(KCPW News) Pressure to increase domestic energy supplies could endanger wildlife habitats if federal policies don't change, warns a coalition of western sportsmen. William Geer of Sportsmen for Responsible Energy Development, and a former director of the Utah Division of Wildlife Resources, says public land policies favor energy developers, not wildlife.
"Right now our concern is it's a willy-nilly frenetic pace that's making public lands single use, rather than multiple-use," Geer says. "It's trumping all other traditional multiple uses. We want the best of both worlds. We want to have energy over time, and we want to have the other uses that we go outside for, whether it's fish and wildlife uses or other legitimate uses.

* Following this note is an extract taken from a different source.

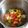 ゆぅきまま's cooksnap of when they made 鯛のアクアパッツァ.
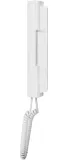 unifon-1129-52-miwi-urmet-rodzaj-domofonu-jednorodzinny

Geer says federal policies should ensure energy is not extracted at the cost of wildlife. For instance, he says the Bureau of Land Management has a policy to protect wildlife only in areas that don't have mineral, oil or gas deposits. This allows for full development of an oil field, but Geer says it can potentially devastate a wildlife population. But energy developers can protect wildlife, if the extraction is conducted in phases, he says.
"It should be broken down so the parcel you are doing has similar habitat outside, so the animals displaced have a place to go and survive. Not all of them will survive, but enough of them, so that when you do restore that, there is a base population that can return and repopulate the area," Geer says.